I felt my sanity slipping. My head spun violently from the blow, blood pouring out in a steady stream. The throbbing agony made it nearly impossible to form a coherent thought, but I summoned every last ounce of strength I had left and screamed at his retreating back.
"Julian, you animal! You ruined my life five years ago, and now you want to destroy whatever's left?!"
His tall frame faltered for a fraction of a second. But in the end, he kept walking. He never looked back.
I collapsed into a pool of my own blood, drained of all will to fight. I could only stare numbly up at the brilliant crystal chandelier swaying gently above us. It was a beautiful fixture. The glass pendants hung in delicate layers, the light refracting through them like shattered stars.
As the light danced in my fading vision, only one thought played on a loop in my mind:
Julian, if I really caught AIDS and died right here... would you feel even an ounce of grief?
Suddenly, a wet, choking sound jolted me back to reality. Overcome by the exertion and sheer adrenaline, the sick man's condition flared. He seized up and violently vomited a mouthful of dark blood straight into my face. It was warm, carrying the metallic rot of sickness, mixing with my own blood as it dripped down my cheeks.
The utter revulsion gave me a final surge of adrenaline. I shoved his convulsing body off of me and scrambled toward the door, crawling on my hands and knees until I escaped.
I fled that hellhole half-naked, my head still bleeding profusely as I stumbled into a torrential downpour.
The rain was punishing. It fell so thick and heavy that I couldn't clearly see the road, the traffic lights, or even where I was. I walked barefoot through the flooded gutters. Shards of broken glass sliced into the soles of my feet, but I was completely numb to the pain. I just kept walking. Left foot, right foot. Pushing forward, driven by the irrational fear that the moment I stopped, I would die.
The screeching of tires cut through the roar of the storm. A luxury car slammed on its brakes right beside me, splashing a wave of muddy water all over my shivering frame.

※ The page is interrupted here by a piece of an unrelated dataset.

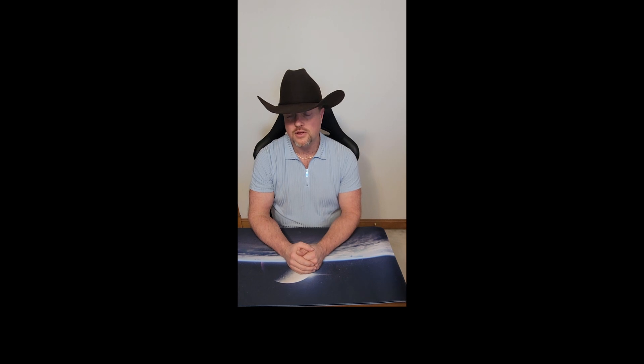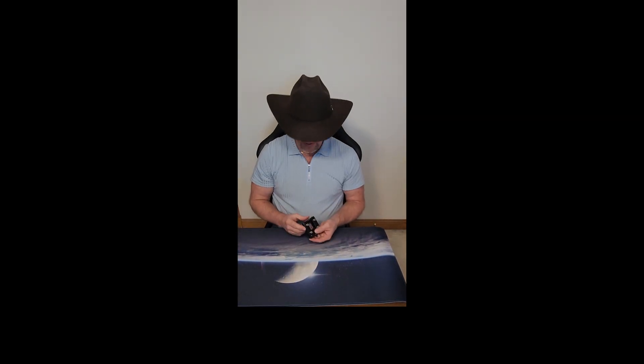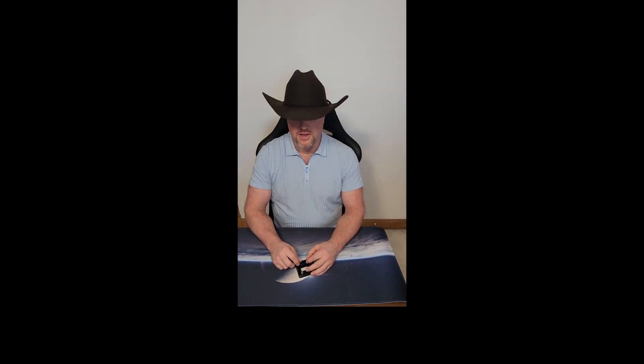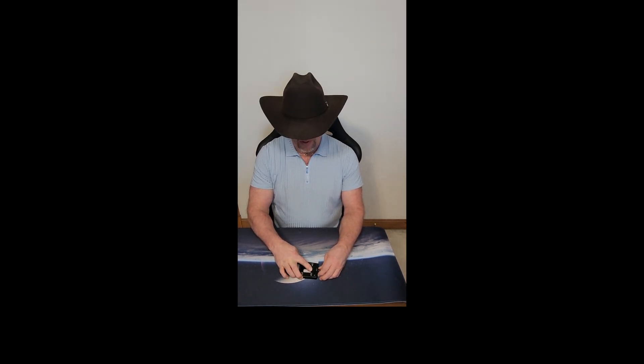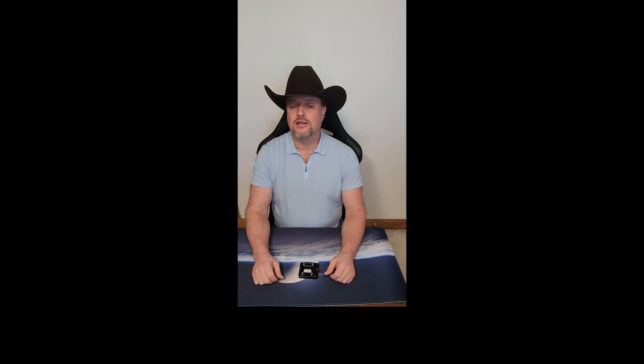Welcome back. Those of you who have seen my delidding video — I described a CPU that I had damaged using one of the particular tools, the Iceman Delid tool. I really struggled with this, but this was also my very first attempt ever to delid a CPU. I'm sharing my ignorance and showing you my learning curve. We started from never even attempting it, never even knowing that delidding was even contemplated as a benefit. That was my first attempt.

"Is this how pathetic your life became the second you left me?"
The tinted window rolled down, revealing Julian’s sharp, agonizingly handsome face.
I didn't want to look at him. I turned to walk away, but his hand shot out into the rain, gripping my arm like a vice and violently yanking me into the pristine interior of his car.
"You're bleeding! Where the hell do you think you’re going in this storm?"
That was the last thing I heard. The massive blood loss finally caught up with me, and everything faded to black.
When I finally fluttered my eyes open, the harsh fluorescent lights of a hospital room blinded me. And there, standing in the sterile silence, Julian and my little girl stared at each other in utter shock.